WHAT YOU WILL DO » Repeat the data word for word, excluding every picture.

DATA UNDER STUDY »
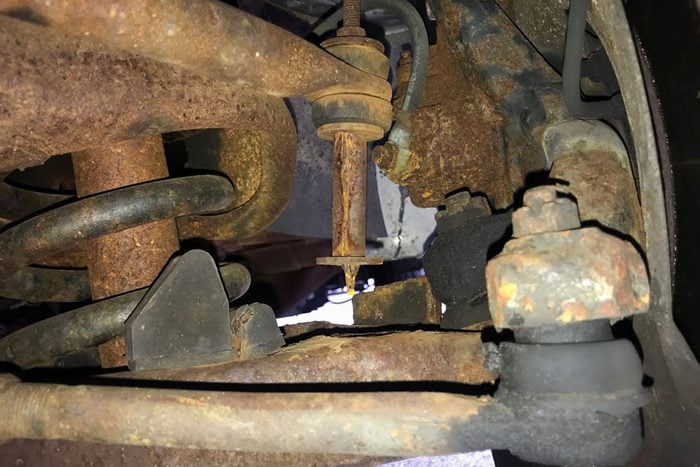  a rusted sway bar link with rubber bushing missing
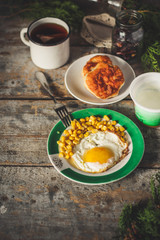 fried eggs for breakfast and a mug of tea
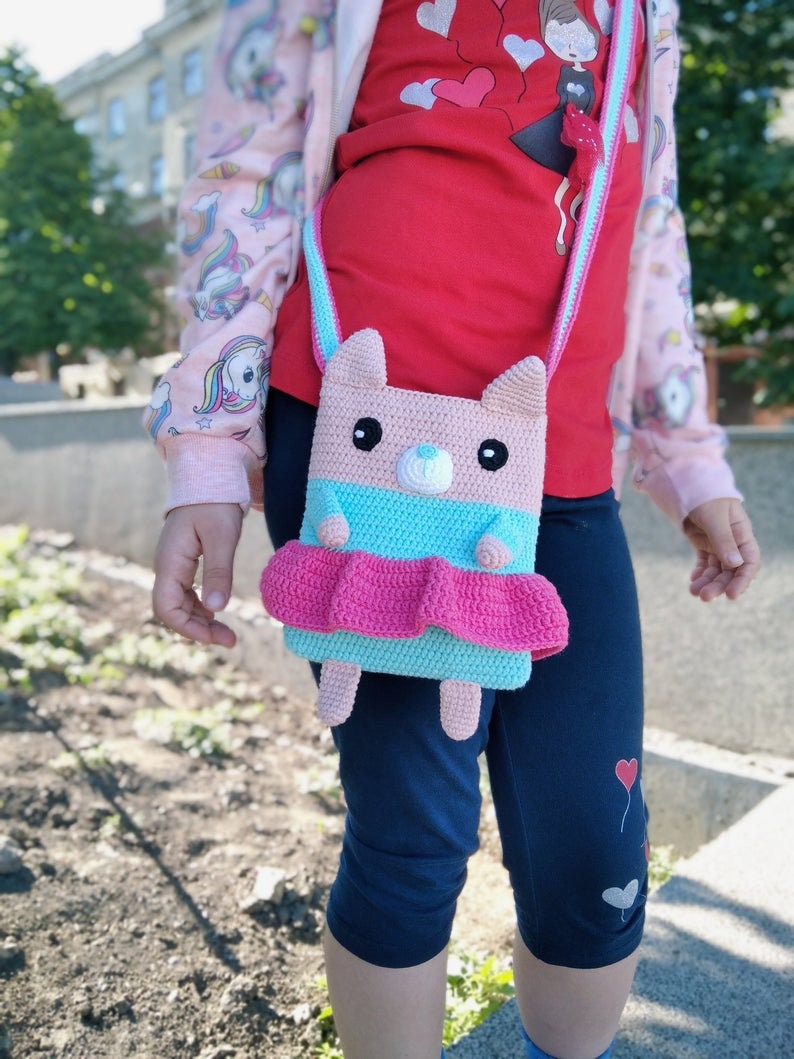 May include: A pink and blue crocheted purse shaped like a bear with a pink skirt. The purse has a strap and is being worn by a child.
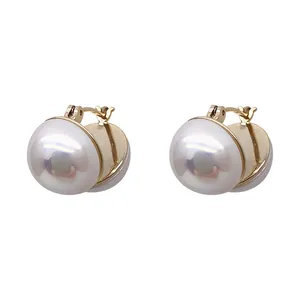 Close-up detail of elegant gold-toned hoop earrings featuring large lustrous white pearls.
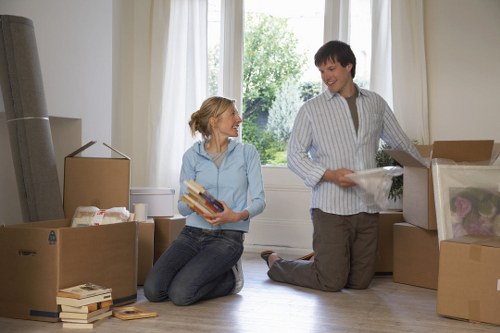 Packed office equipment and furniture ready for transport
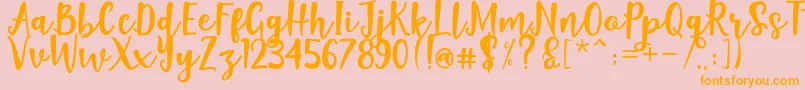 Naishila Dancing Script Font – Orange Fonts on Pink Background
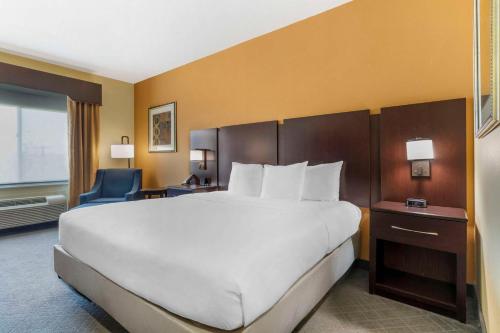 a bedroom with a large white bed and a blue chair at Comfort Inn & Suites Mexia in Mexia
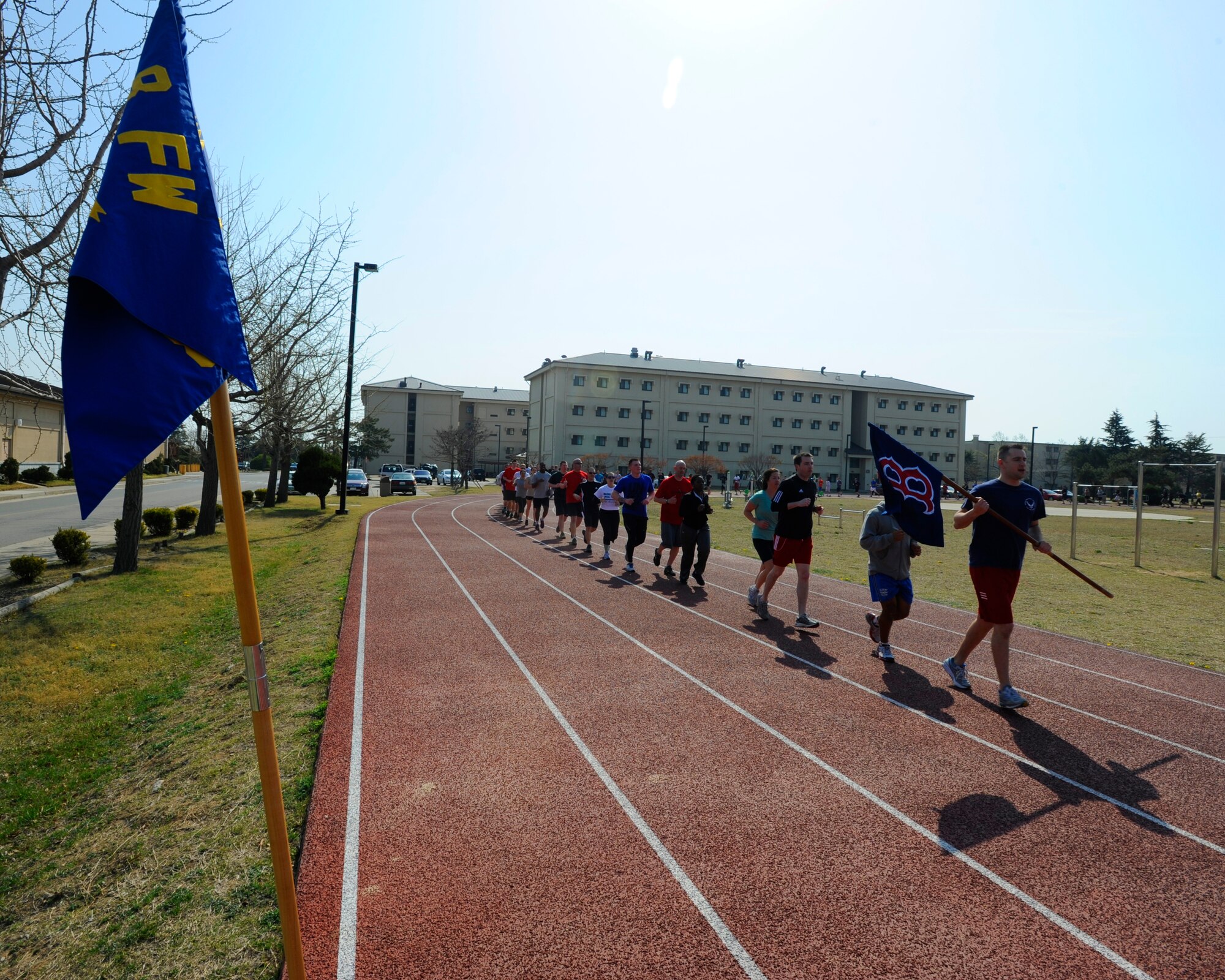 KUNSAN AIR BASE, Republic of Korea – More than 90, 8th Operations Support Squadron members run laps to show support for Boston Marathon bombing victims, during a tribute run, April 19, 2013, at the base track. The 8th OSS Members ran with the Boston Red Sox ‘Boston Strong’ flag to honor the victims of the attacks at the 117th Boston Marathon, Boston, Mass., April 15, 2013. (U.S. Air Force photo by Staff Sgt. Tong Duong)
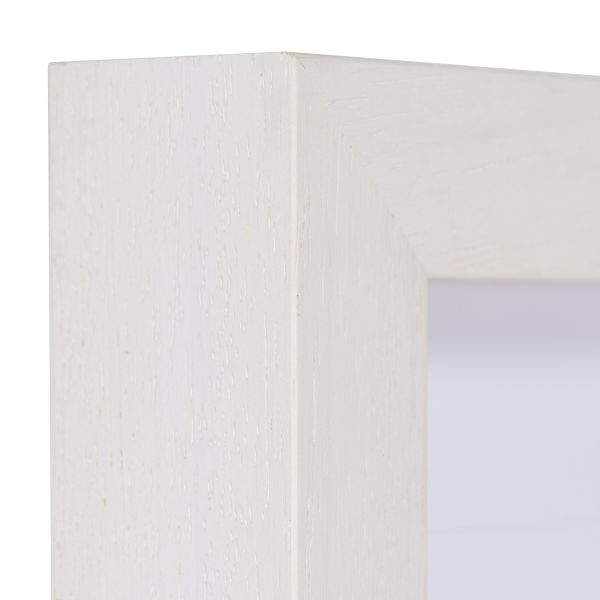 Observe l'angle de ce cadre photo en bois Linda, blanc, à finition pore ouvert, idéal pour tes toiles. Choisis MonCadrePréféré!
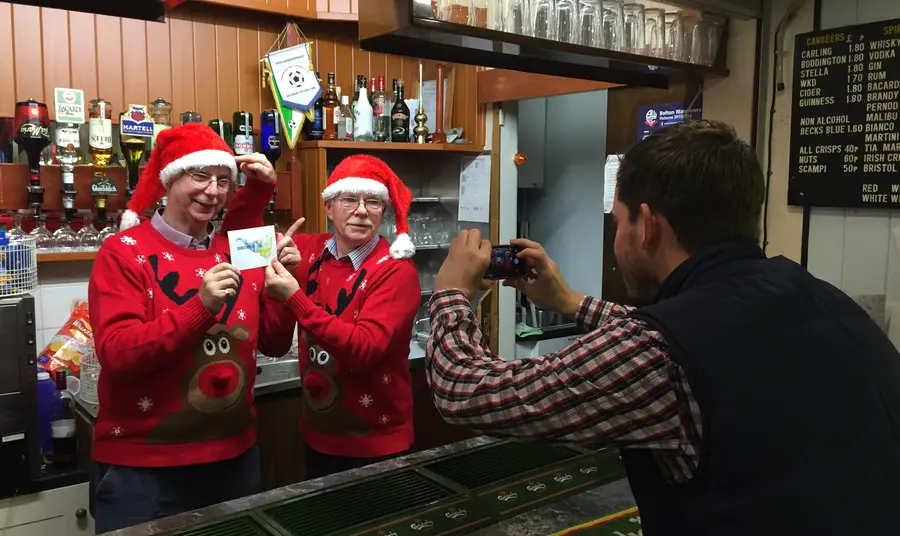 A person taking a photo of two people behind a bar wearing matching red Christmas hats and jumpers.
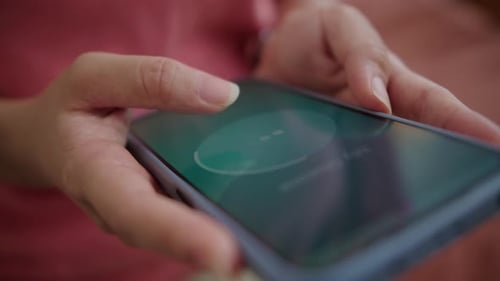 Hands of Person Unlocking Screen and Playing Video on Smartphone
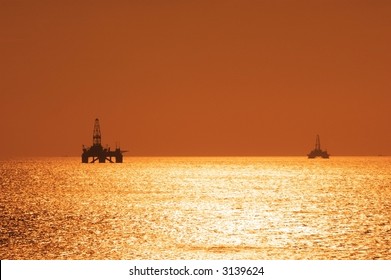 Two offshore oil rigs during sunset  in Caspian sea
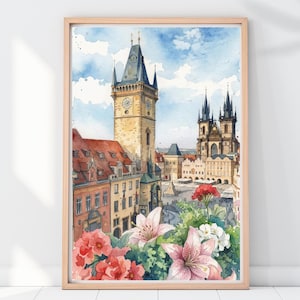 May include: Watercolor print of a European city scene featuring a tall clock tower and ornate buildings. The artwork is framed and includes colorful flowers in the foreground, with a blue sky and clouds in the background.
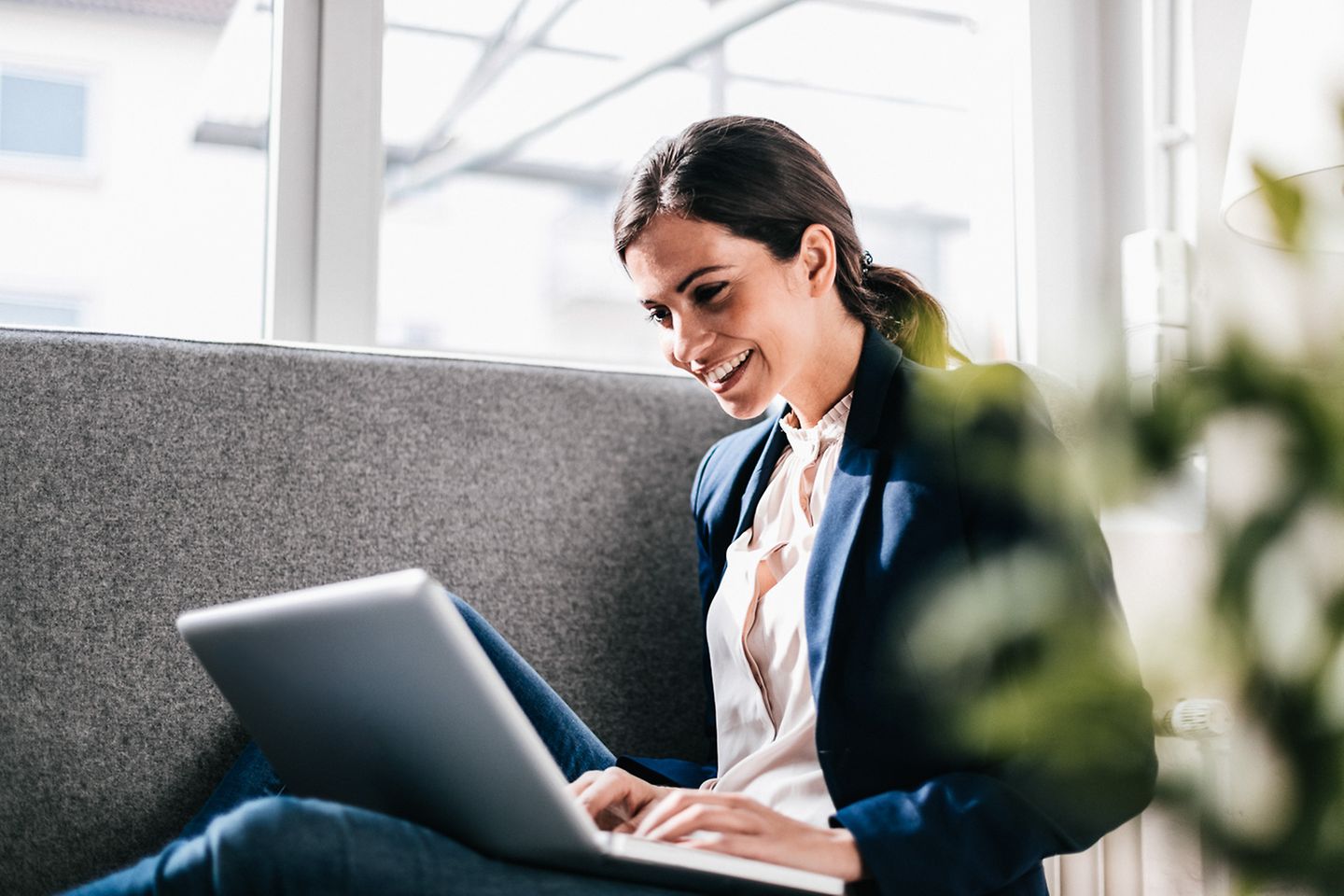 Woman is sitting with the laptop on the lap and smiling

EXPECTED ANSWER »
  a rusted sway bar link with rubber bushing missing
 fried eggs for breakfast and a mug of tea
 May include: A pink and blue crocheted purse shaped like a bear with a pink skirt. The purse has a strap and is being worn by a child.
 Close-up detail of elegant gold-toned hoop earrings featuring large lustrous white pearls.
 Packed office equipment and furniture ready for transport
 Naishila Dancing Script Font – Orange Fonts on Pink Background
 a bedroom with a large white bed and a blue chair at Comfort Inn & Suites Mexia in Mexia
 KUNSAN AIR BASE, Republic of Korea – More than 90, 8th Operations Support Squadron members run laps to show support for Boston Marathon bombing victims, during a tribute run, April 19, 2013, at the base track. The 8th OSS Members ran with the Boston Red Sox ‘Boston Strong’ flag to honor the victims of the attacks at the 117th Boston Marathon, Boston, Mass., April 15, 2013. (U.S. Air Force photo by Staff Sgt. Tong Duong)
 Observe l'angle de ce cadre photo en bois Linda, blanc, à finition pore ouvert, idéal pour tes toiles. Choisis MonCadrePréféré!
 A person taking a photo of two people behind a bar wearing matching red Christmas hats and jumpers.
 Hands of Person Unlocking Screen and Playing Video on Smartphone
 Two offshore oil rigs during sunset  in Caspian sea
 May include: Watercolor print of a European city scene featuring a tall clock tower and ornate buildings. The artwork is framed and includes colorful flowers in the foreground, with a blue sky and clouds in the background.
 Woman is sitting with the laptop on the lap and smiling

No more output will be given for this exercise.